**Work to complete:** Return the run of lines below that opens with the line containing "Certified 2023 Jeep" and closes with the line containing "Ballades a la pla&ccedil;a del Vi", keeping each one exact.

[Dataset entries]

- - - - - - -

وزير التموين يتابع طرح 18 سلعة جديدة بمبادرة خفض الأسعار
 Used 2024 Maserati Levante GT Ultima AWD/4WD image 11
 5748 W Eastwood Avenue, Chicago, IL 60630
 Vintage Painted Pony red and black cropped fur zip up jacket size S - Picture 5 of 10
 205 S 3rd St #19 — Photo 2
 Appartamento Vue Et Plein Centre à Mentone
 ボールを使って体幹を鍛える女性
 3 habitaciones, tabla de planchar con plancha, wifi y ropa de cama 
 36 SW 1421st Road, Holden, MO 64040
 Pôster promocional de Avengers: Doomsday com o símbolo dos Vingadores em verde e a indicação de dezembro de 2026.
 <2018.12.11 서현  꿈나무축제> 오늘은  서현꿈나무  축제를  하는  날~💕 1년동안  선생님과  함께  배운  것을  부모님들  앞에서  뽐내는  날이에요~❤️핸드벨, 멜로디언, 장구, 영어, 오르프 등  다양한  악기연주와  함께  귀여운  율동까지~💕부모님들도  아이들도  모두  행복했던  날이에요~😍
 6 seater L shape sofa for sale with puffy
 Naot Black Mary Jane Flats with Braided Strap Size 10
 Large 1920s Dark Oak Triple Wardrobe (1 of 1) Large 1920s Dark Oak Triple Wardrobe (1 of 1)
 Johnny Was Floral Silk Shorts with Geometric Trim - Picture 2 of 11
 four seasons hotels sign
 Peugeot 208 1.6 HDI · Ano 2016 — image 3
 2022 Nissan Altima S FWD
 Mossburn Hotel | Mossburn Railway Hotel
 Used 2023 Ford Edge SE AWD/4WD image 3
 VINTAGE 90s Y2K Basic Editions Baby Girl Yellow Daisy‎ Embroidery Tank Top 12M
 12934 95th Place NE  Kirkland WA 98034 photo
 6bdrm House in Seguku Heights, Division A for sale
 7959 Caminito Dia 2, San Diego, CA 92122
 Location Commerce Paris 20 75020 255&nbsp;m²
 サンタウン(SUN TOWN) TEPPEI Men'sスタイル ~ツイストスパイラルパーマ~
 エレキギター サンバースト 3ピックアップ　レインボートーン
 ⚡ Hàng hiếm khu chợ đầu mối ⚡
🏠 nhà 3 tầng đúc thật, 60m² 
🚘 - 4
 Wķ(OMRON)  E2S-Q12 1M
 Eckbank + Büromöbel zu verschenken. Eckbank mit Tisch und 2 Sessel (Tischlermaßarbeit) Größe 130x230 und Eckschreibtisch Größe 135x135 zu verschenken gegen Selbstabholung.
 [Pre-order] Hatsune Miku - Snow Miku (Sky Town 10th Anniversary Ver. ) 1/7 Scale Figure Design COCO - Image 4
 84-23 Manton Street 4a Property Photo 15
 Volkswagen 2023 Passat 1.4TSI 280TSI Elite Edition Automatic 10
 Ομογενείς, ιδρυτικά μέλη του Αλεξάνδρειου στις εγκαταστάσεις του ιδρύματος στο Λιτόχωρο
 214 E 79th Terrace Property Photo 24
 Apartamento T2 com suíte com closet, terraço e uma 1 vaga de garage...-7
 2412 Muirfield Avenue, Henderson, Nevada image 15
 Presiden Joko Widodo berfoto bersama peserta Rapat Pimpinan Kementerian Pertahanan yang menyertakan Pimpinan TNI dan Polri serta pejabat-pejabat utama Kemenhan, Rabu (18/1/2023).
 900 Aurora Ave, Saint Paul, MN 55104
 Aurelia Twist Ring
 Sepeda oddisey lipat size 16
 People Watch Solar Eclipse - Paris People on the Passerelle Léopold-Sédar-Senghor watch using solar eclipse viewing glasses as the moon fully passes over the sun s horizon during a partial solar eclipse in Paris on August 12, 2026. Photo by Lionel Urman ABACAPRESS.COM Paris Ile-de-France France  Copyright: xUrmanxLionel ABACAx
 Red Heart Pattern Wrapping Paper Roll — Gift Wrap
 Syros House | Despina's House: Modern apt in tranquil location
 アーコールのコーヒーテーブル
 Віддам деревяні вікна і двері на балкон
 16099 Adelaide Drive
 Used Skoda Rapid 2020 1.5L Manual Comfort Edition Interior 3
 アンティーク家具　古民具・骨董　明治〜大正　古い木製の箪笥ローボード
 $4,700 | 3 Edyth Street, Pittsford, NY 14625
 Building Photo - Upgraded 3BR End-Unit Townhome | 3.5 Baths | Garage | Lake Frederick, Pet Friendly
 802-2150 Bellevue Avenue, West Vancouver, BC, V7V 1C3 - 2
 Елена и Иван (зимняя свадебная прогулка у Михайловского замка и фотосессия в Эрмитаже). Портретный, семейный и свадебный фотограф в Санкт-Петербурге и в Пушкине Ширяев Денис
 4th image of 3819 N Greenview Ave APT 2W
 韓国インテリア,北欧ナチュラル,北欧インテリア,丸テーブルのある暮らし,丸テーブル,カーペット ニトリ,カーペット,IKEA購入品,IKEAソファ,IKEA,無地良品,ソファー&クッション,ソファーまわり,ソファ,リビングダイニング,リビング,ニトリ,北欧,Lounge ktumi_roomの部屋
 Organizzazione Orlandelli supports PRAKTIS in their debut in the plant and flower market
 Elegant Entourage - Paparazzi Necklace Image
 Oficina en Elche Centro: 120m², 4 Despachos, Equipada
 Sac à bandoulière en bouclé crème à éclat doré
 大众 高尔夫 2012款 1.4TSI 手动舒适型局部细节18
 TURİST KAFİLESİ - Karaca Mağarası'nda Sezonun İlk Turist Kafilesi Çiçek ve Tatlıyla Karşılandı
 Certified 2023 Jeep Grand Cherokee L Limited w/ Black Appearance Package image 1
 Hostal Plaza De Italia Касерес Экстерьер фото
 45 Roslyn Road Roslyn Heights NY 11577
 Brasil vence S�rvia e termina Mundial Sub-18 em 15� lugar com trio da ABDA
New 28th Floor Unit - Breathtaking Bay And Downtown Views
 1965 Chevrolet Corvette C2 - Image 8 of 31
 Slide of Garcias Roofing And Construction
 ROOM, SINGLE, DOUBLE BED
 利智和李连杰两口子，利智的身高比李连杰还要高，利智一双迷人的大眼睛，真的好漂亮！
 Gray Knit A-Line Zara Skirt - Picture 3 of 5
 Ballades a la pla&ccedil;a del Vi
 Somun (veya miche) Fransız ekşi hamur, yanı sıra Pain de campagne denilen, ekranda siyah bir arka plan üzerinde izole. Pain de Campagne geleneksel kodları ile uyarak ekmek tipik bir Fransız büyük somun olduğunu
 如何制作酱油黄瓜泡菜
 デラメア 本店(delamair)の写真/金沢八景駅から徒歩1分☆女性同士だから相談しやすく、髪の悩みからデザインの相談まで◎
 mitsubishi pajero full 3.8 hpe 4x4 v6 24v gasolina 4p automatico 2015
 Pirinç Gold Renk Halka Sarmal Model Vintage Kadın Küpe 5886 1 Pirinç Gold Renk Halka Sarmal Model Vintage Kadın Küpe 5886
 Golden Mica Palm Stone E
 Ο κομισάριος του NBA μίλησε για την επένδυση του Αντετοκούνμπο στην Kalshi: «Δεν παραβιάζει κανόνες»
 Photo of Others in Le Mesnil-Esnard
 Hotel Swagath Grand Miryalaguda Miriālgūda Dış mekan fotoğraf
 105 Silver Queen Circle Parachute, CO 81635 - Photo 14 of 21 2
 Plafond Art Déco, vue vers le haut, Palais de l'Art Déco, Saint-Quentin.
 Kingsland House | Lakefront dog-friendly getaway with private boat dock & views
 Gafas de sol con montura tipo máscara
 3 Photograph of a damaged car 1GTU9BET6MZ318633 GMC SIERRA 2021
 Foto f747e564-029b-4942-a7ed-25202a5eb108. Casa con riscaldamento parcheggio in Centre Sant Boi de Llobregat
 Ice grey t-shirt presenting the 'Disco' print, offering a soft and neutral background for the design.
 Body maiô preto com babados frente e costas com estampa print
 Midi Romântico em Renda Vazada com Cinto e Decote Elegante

- - - - - - -

**Response:**
 Certified 2023 Jeep Grand Cherokee L Limited w/ Black Appearance Package image 1
 Hostal Plaza De Italia Касерес Экстерьер фото
 45 Roslyn Road Roslyn Heights NY 11577
 Brasil vence S�rvia e termina Mundial Sub-18 em 15� lugar com trio da ABDA
New 28th Floor Unit - Breathtaking Bay And Downtown Views
 1965 Chevrolet Corvette C2 - Image 8 of 31
 Slide of Garcias Roofing And Construction
 ROOM, SINGLE, DOUBLE BED
 利智和李连杰两口子，利智的身高比李连杰还要高，利智一双迷人的大眼睛，真的好漂亮！
 Gray Knit A-Line Zara Skirt - Picture 3 of 5
 Ballades a la pla&ccedil;a del Vi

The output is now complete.